La fondazione del primo museo di Puglia si deve all’erudizione, al collezionismo e alla passione per le arti e l’archeologia del suo fondatore, il Duca di Cavallino Sigismondo Castromediano, noto filantropo e Presidente della Commissione di Arte e Antichità che aveva promosso l’istituzione del museo a Lecce. Istituito nel 1868, il Museo Provinciale era collocato presso il Convento dei Celestini, ma a partire dal 1979 è stato trasferito presso il Collegio Argento, fondato nel 1888 dai Padri Gesuiti e opportunamente rivisto e ristrutturato per rendere la nuova struttura museale efficace e confortevole, in grado di rispondere alle esigenze di funzionalità di un moderno museo. Essendo il primo museo istituito in Puglia, il Museo Provinciale di Lecce raccoglie testimonianze archeologiche e artistiche provenienti anche da altre province, soprattutto da bari e Taranto. Il museo si divide in cinque sezioni:
- sezione didattica- la prima sala del museo è occupata da un grande plastico del Salento in cui sono riportate, mediante una efficace simbologia, le varie aree di interesse archeologico secondo criteri cronologici. Il plastico serve per guidare i visitatori alla scoperta delle ulteriori sale del museo. Dalla sala didattica, infatti, si passa al settore antiquario;
- antiquarium- nelle teche sono esposti notevoli ritrovamenti archeologici. Notevole la collezione di vasi attici a figure nere e a figure rosse, rispettivamente del VI e V sec. a.C. e di reperti provenienti anche da Canosa di Puglia, Ruvo ed Egnazia. Notevole anche il patrimonio di testimonianze del periodo messapico (i Messapi abitarono il Salento leccese e vaste zone delle province di Brindisi e Taranto tra VII e I sec. a.C. Città come Ugento, Muro Leccese, Vaste, Ostuni, Manduria, Ceglie Messapico sono di origine messapica) e di vasellame di produzione “italiota” databile tra V e IV sec. a.C. L’ antiquarium è ricco anche di una collezione di bronzi e di terrecotte, nonché di iscrizioni ed epigrafi messapiche, romane e bizantine;
- sezione topografica- mediante la documentazione topografica viene presentata una mappatura del Salento, da Lecce a Leuca, con l’intera stratigrafia dalla preistoria sino al Medio Evo, mentre le teche e gli espositori presentano materiale e testimonianze emerse nei diversi scavi;
- pinacoteca- la pinacoteca del museo si compone di due sale: la prima sala comprende una copiosa raccolta di dipinti, sculture e icone. Tra i tesori vanno annoverati due polittici del XIV sec., uno di scuola veneziana e l’altro attribuito alla scuola del Vivarini. La seconda sala raccoglie opere del Seicento e del Settecento che testimoniano i profondi e proficui rapporti tra Lecce con Napoli e Roma. Notevoli le tele di Oronzo Tiso, considerato uno dei migliori pittori nostrani del XVIII sec. La sala comprende anche una cospicua raccolta di ceramiche e vetri di Murano, oltre ad una collezione di piatti di Castelli degli Abruzzi;
- sale mostra- il museo si compone anche di ampi spazi espositivi destinati a mostre ed esposizioni, tanto da fare del Museo Provinciale un fiore all’occhiello nella promozione culturale per l’intero Salento. Quando le sale non sono occupate da mostre sono interessate da esposizioni di opere di pittori salentini attivi tra Ottocento e i primi del Novecento, quali Gioacchino Toma, il Ciardo e il Barbieri, Gaetano Martinez, D’Andrea e Calò.
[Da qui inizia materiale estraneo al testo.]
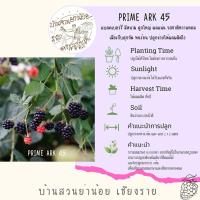 ราคา ต้นแบลคเบอร์รี่ พรามอาค45 Blackberry prime 45 (9651624635)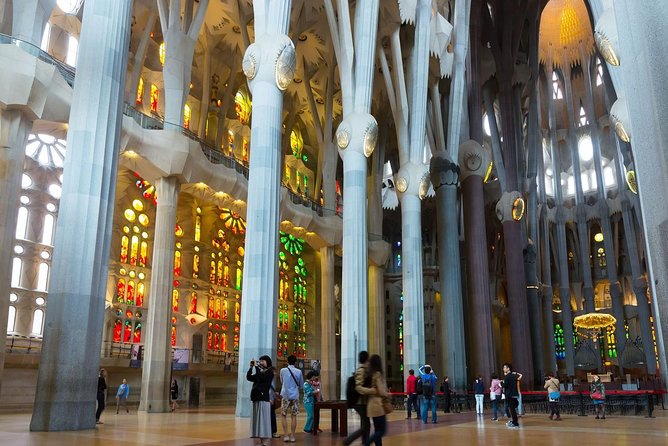 Sagrada Familia Guided Tour with Towers Access - Why a guide helps at La Sagrada Familia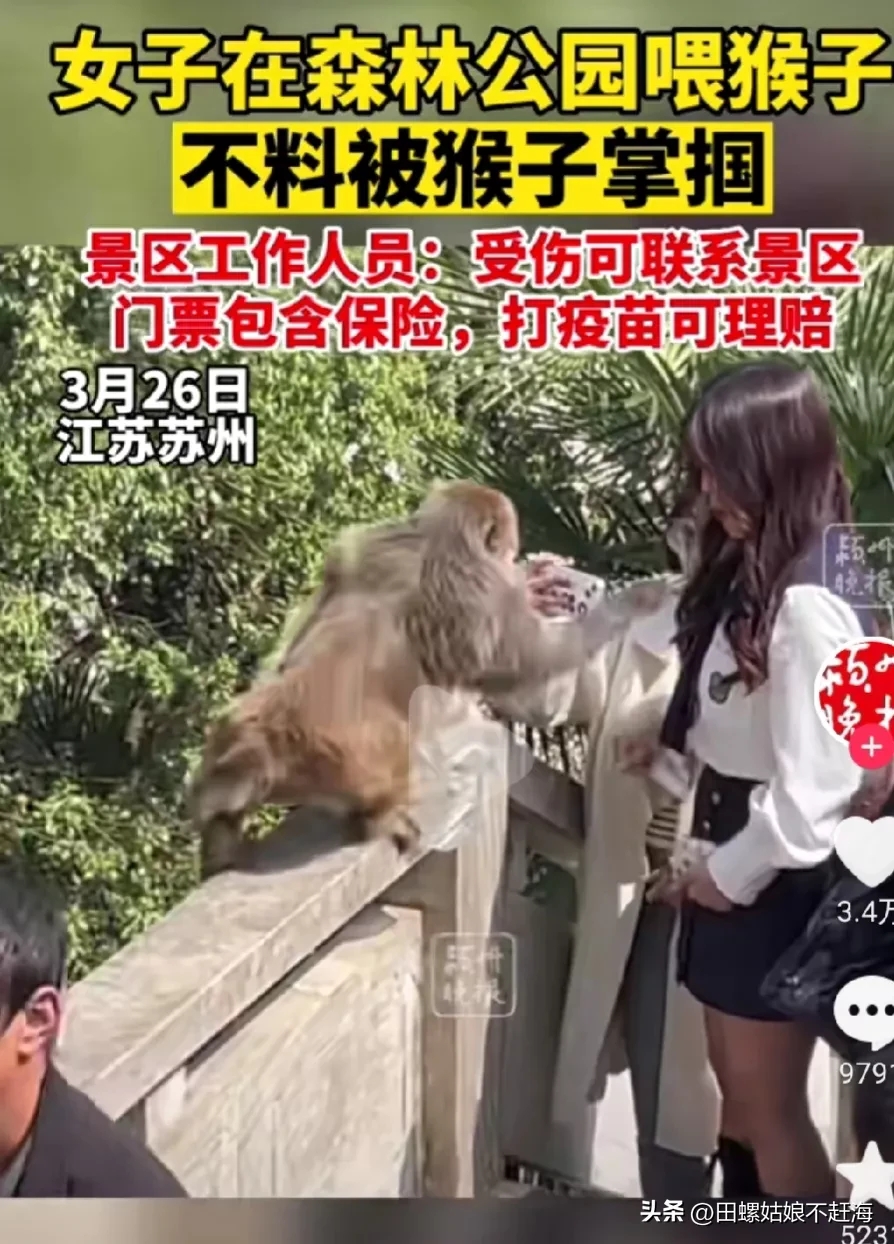 女子景区给猴子喂食遭掌掴的视频把人都笑晕了.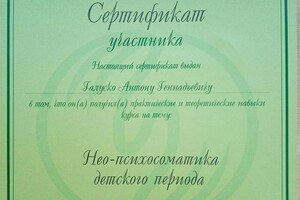 Диплом / сертификат №23 — Галуско Антон Геннадьевич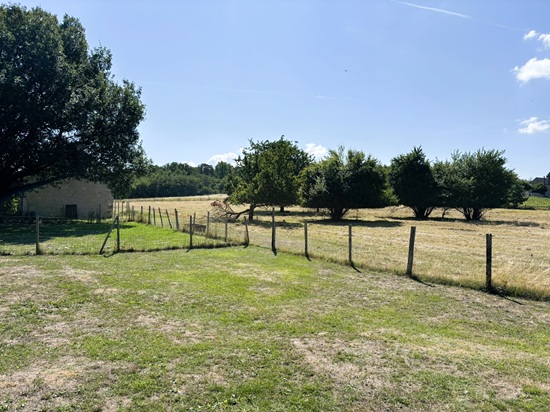 la nature autour du domaine de Lémeré-Chinon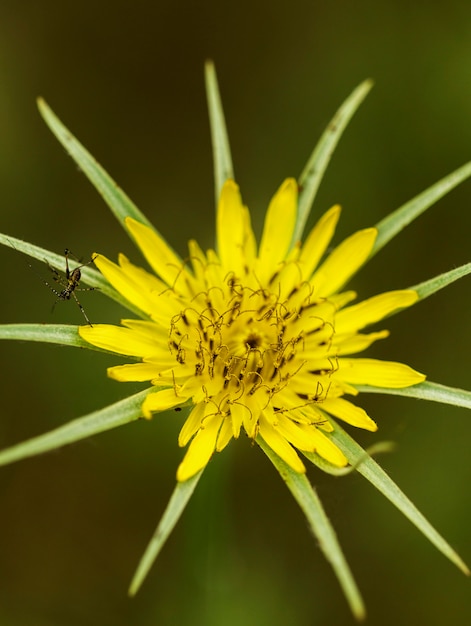 Hermoso arreglo de flores amarillas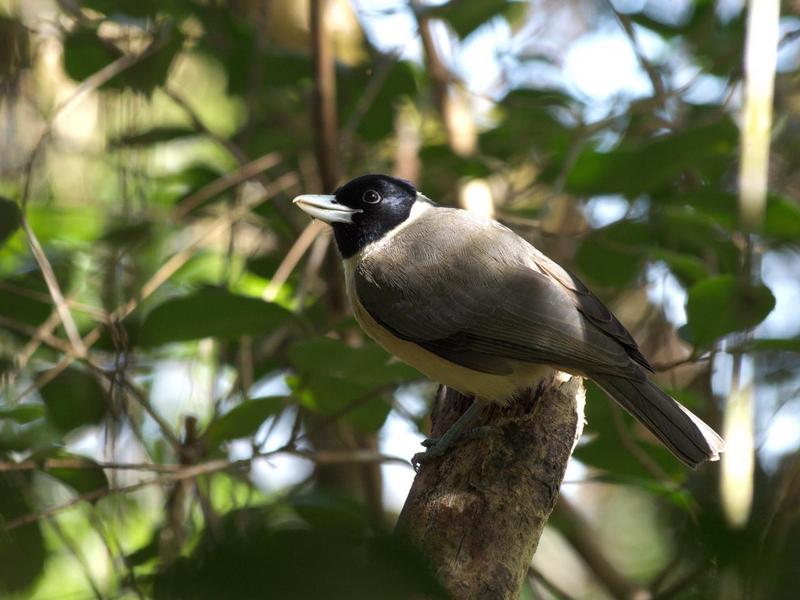 Pollen's vanga (Xenopirostris polleni); DISPLAY FULL IMAGE.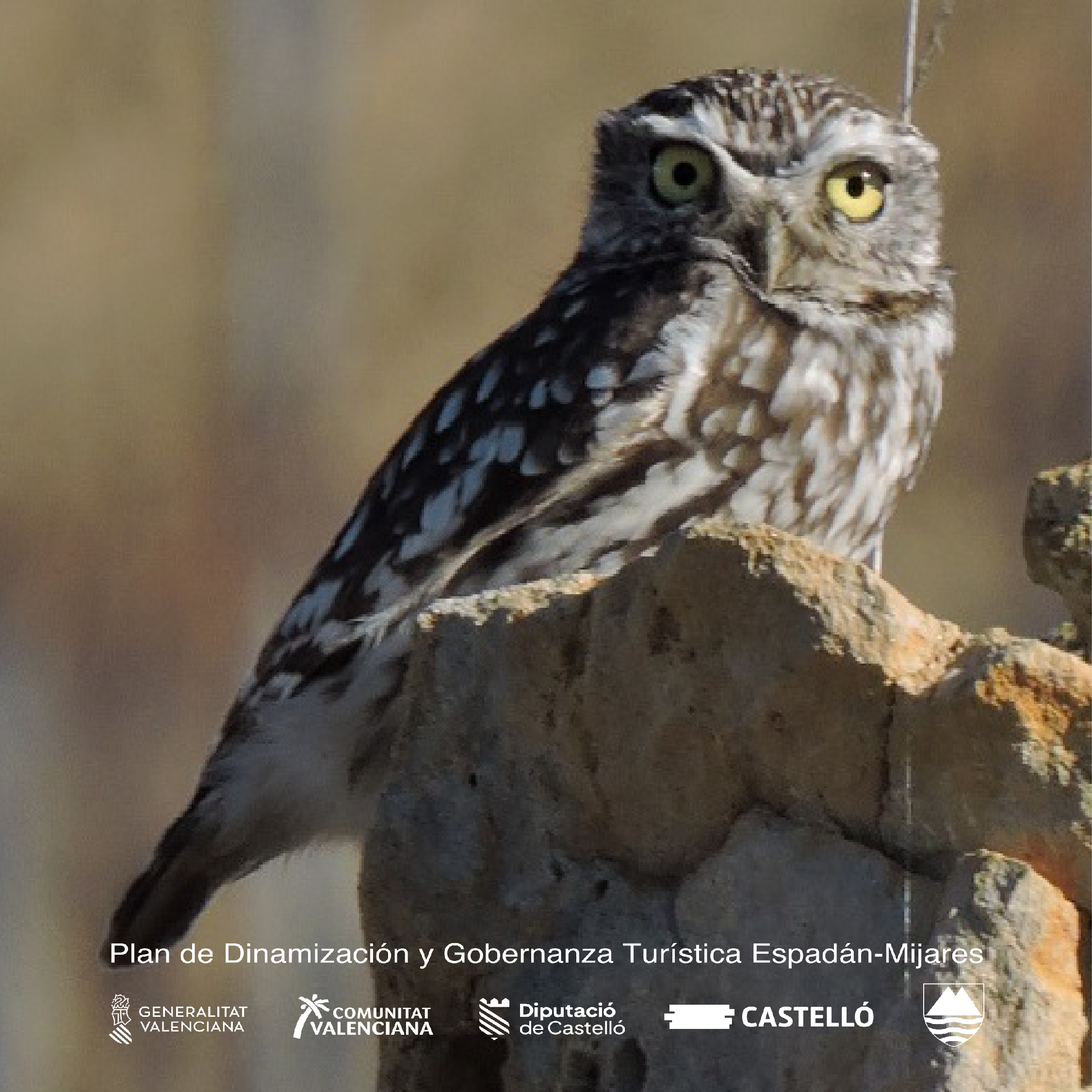 birding5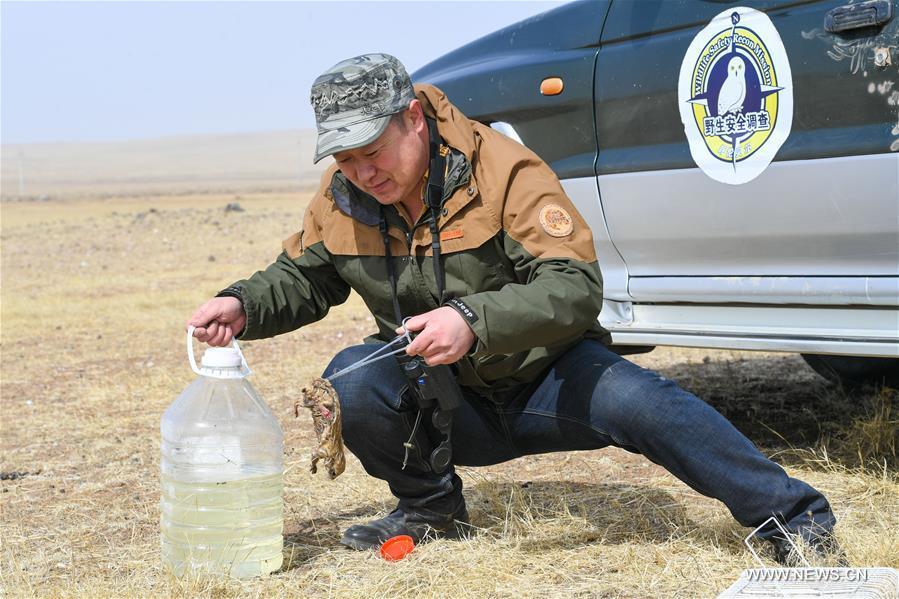 Shuanglong, a man of Mongolian ethnic group, prepares to feed a rat to an eagle owl at a grassland along the Hulun Lake in the Hulun Buir City, north China\'s Inner Mongolia Autonomous Region, April 12, 2019. Shuanglong, a volunteer born in the 1980s, has been dedicated to protecting wildlife inhabiting along the Hulun Lake over the past ten years. Over 40 endangered animals have been saved through his efforts. Shuanglong has organized various activities including photo exhibitions and lectures, as a way to raise awareness of wildlife protection among the public. Affected by Shuanglong, some volunteers also joined him to protect wildlife along the Hulun Lake. (Xinhua/Peng Yuan)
Il museo comprende anche un laboratorio di restauro di manufatti antichi e di opere d’arte. Il Museo Provinciale ha ospitato fino a tempi recenti la Biblioteca provinciale “Nicola Bernardini”, fonte di sapere e conoscenza per chiunque volesse studiare e conoscere la storia di Lecce e del Salento e dei suoi figli migliori. Ricca di libri e documenti, la Biblioteca vanta anche una raccolta di manoscritti e cinquecentine e incunaboli provenienti dai numerosi e proficui centri scriptoria presenti nel Salento.